OK, call it a "write-down." A loss is a loss.
From Investopedia.com:

"Write-Downs​

A write-down is recorded as an adjustment to the existing inventory. A credit is applied to the equipment or whatever the inventory item is, and the total value is reduced accordingly.

A write-down can instead be reported as a cost of goods sold (COGS) if it's small. Otherwise, it must be listed as a line item on the income statement, affording lenders and investors an opportunity to consider the impact of devalued assets. Large write-downs actually reduce owners' or stockholders' equity."


"Write-Offs

Writing an asset off in business is the same as claiming that it no longer serves a purpose and has no future value. You're effectively telling the IRS that the value of the asset is now zero.

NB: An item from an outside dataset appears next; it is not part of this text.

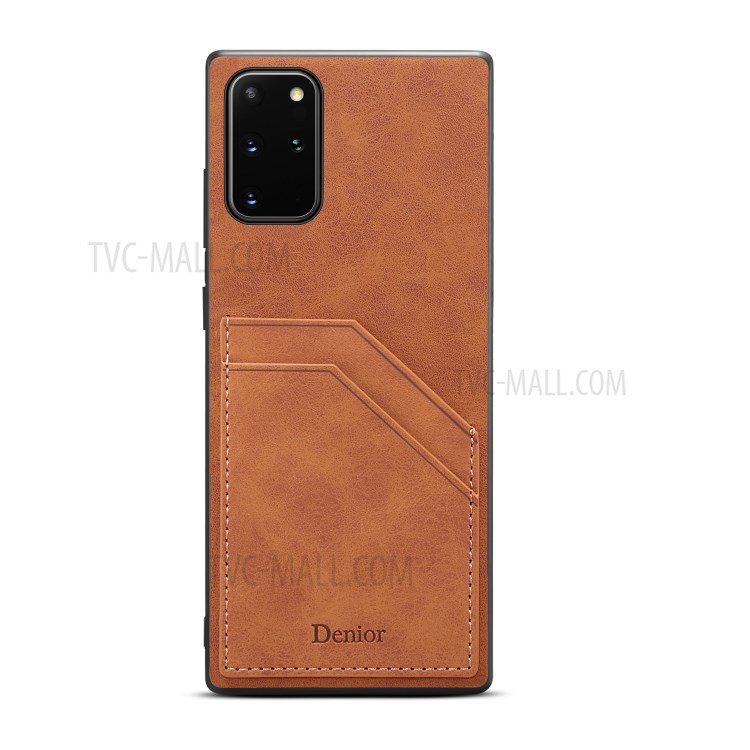 Double Card Slots PU Leather Coated TPU Case for Samsung Galaxy Note20 Ultra/Note20 Ultra 5G - Brown-4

Old equipment can be written off even if it still has some potential functionality. For example, a company might upgrade its machines or purchase brand-new computers. The equipment being replaced can be written off in this case. Its economic value would be listed at $0."
 
I've put domain names up for auction on GoDaddy, and there is no guarantee you'll get your asking price. That's what an auction is. I don't know how they came up with that price, because most domains with marketable names are typically priced in the thousands, not millions. So my sense is they're just looking to see what kind of interest there is. In the meantime, Radio.com forwards to Audacy.